Judges: Present : Matteson, C. J., Stiness and Tillinghast, JJ.
Reporter: Rhode Island Reports
Volume: 20
Pages: 330–331

Head Matter:
William N. Crompton vs. James L. Spencer.
PROVIDENCE
DECEMBER 18, 1897.
Present : Matteson, C. J., Stiness and Tillinghast, JJ.
Where a negotiable promissory note is made payable to tbe order of and endorsed by tbe maker, and is subsequently endorsed by others, the latter become successive endorsers and not joint makers.
The liability of endorsers, in the absence of any agreement affecting the same, is determined by the order in which their names appear on the note.
A promissory note is not so merged in a judgment thereon, obtained by the payee, as to affect the relations between the successive endorsers thereof.
Assumpsit by a subsequent endorser of a promissory note against a prior endorser, brought after judgment thereon obtained by the payee and paid by the plaintiff.
Heard on' the defendant’s petition for a new trial.

Opinion:
Matteson, C. J.
The defendant's claim is based on the assumption that the two accommodation endorsers were joint makers of the note in suit.

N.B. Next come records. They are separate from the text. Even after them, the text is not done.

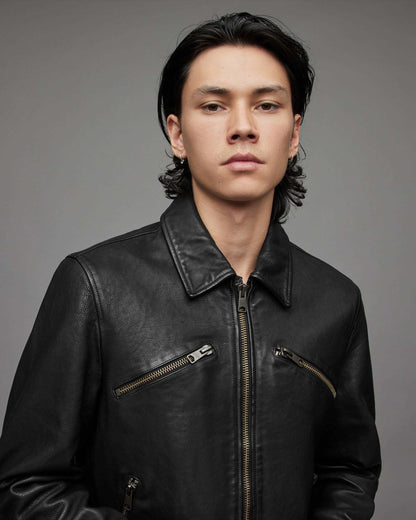 Men cafe racer leather jacket black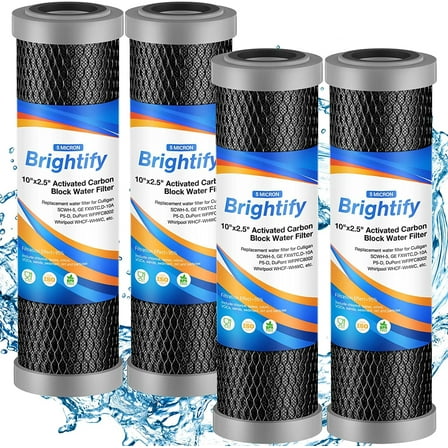 Brightify 5 Micron Whole House Water Filter Cartridges ,4 Pack Sediment Water Filter Replacement for DuPont WFPFC8002, Replacement Fits D-10A, P5-D, SCWH-5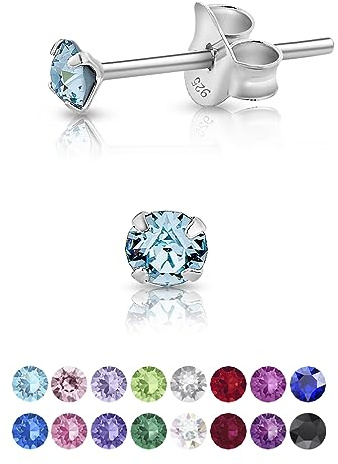 DTPsilver - * MINI * Boucles d'oreilles/Clous en Argent Fin 925 et Cristaux de Swarovski® Elements Ronds - Diamètre: 3 mm - Couleur: Aigue-Marine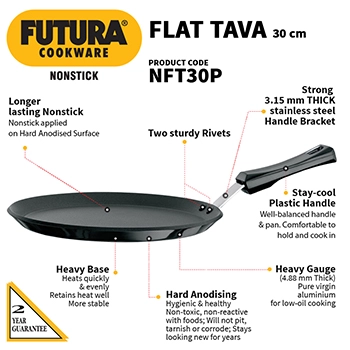 Nonstick Flat Tava 30 cm (Plastic Handle, 4.88 mm Thick) (NFT30P) - Image 2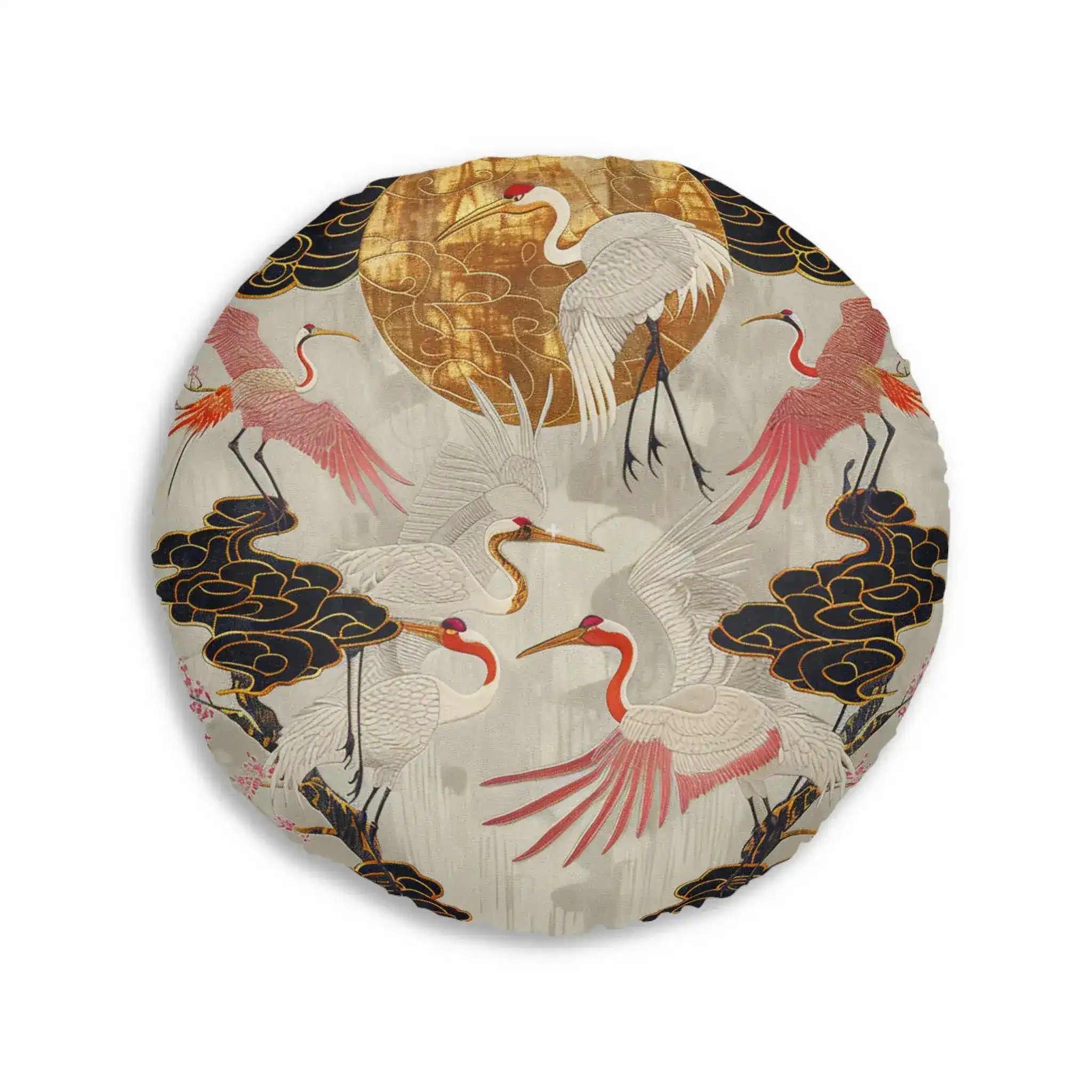 Majestic Crane and Cloud Pattern Floor Pillow - Image 6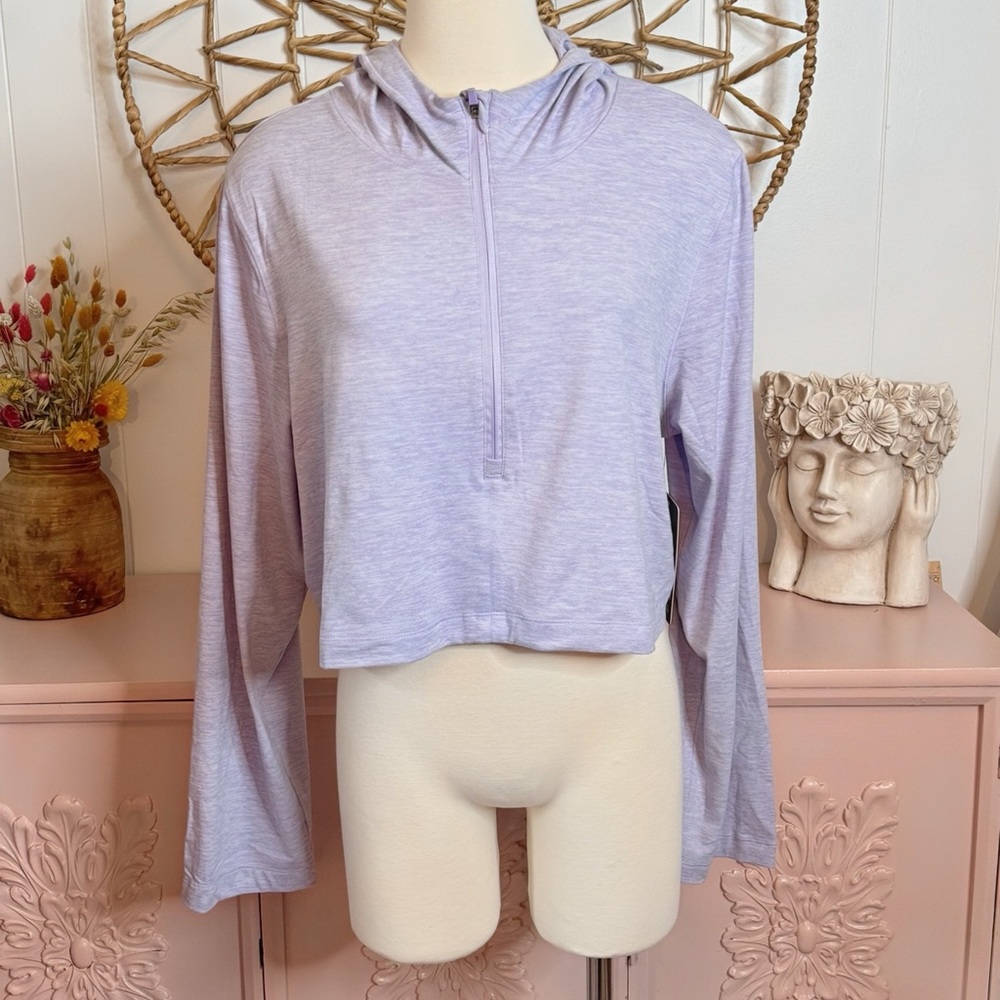 90 Degree By Reflex Lavender ‎ Half-Zip lightweight Cropped Hoodie XL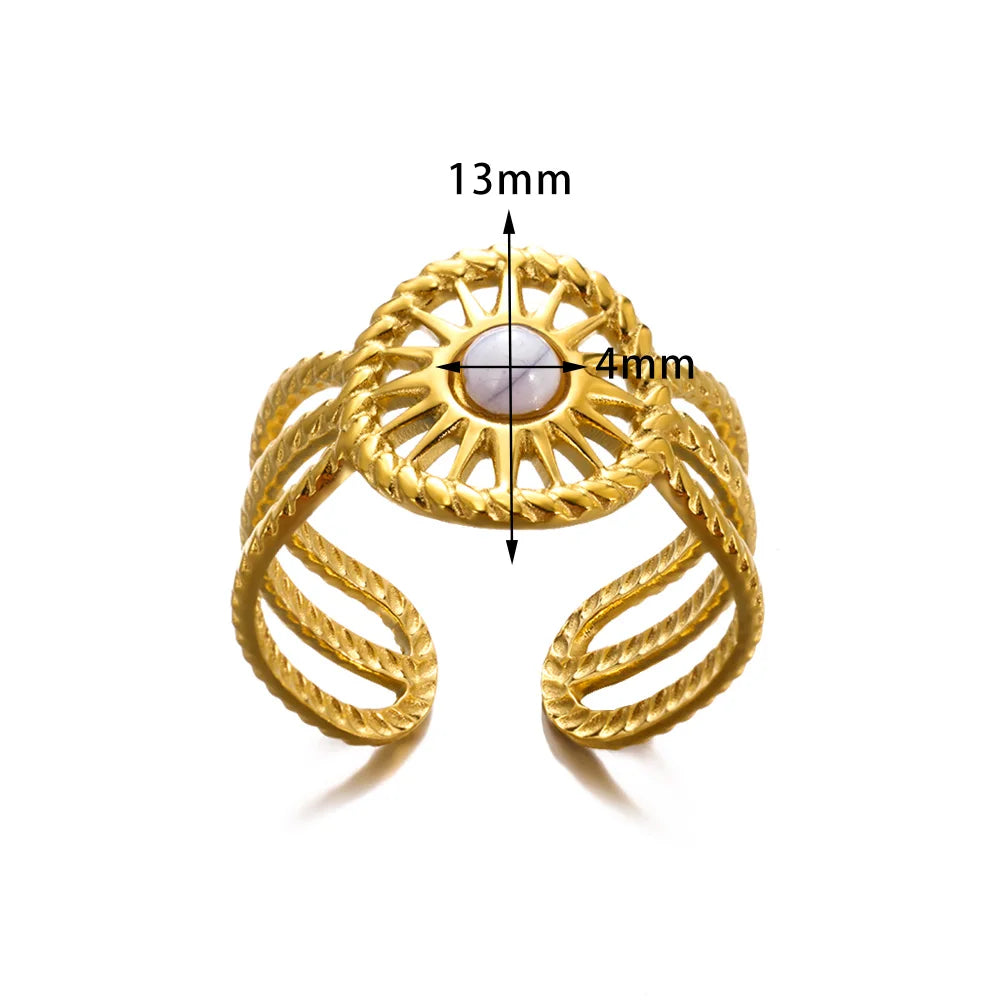 Round Sun Natural Stone Hollow Rings For Women Trendy Aesthetic Classic Gold Color Ring Vintage Stainless Steel Jewelry Gift New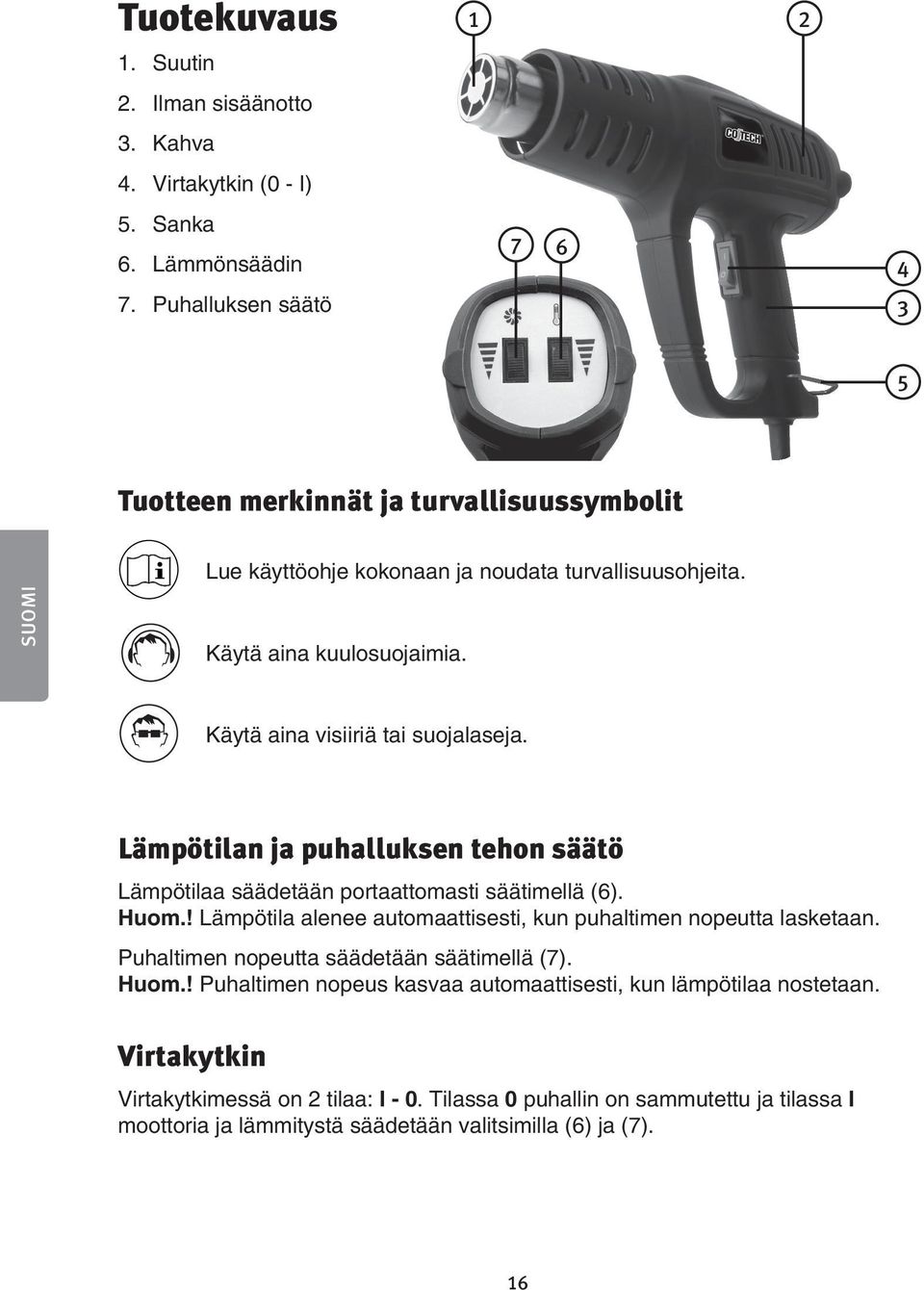 Käytä aina visiiriä tai suojalaseja. Lämpötilan ja puhalluksen tehon säätö Lämpötilaa säädetään portaattomasti säätimellä (6). Huom.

The note itself shows, however, that they were not joint makers but successive endorsers, the note being payable to the order of the defendant and endorsed by him before being endorsed by the plaintiff. In this respect it differs from Carpenter v. McLaughlin, 12 R. I. 270. In the absence of any agreement affecting the liability of endorsers, their liability is determined by the order in which their names appear on the note. We find no error in the ruling of the court directing a verdict for the plaintiff.
The defendant makes the point that the judgment on the note in the suit brought by the bank operated as a merger of the note, is conclusive on the parties to it, and excludes a defence growing out of the relations of first and second endorser existing between them prior to the recovery of the judgment. The only case cited in support of the point is Marshall v. Aiken, 25 Vt. 328. That case, however, treats of the effect of a merger on the rights of a surety as against a creditor. The court held that, as against a creditor, judgment upon the note operated as a merger of the note at law, though, it might not be so at equity, and became so far conclusive on the parties as to exclude a defence growing out of the relation of principal and surety existing between the parties in the judgment prior to its recovery. The court, on page 335 of its opinion, says: " We do not suppose that the j udgment in any way affects the relation between the principal and surety. That stands, as before, between themselves." We do not think that the merger of the note in the judgment in favor of the bank affected the relation between the plaintiff and defendant as successive endorsers of the note.
Dexter B. Potter, for plaintiff.
Samuel W. K. Allen, for defendant.
New trial denied, and case remitted to the Common Pleas Division with direction to enter judgment on the verdict.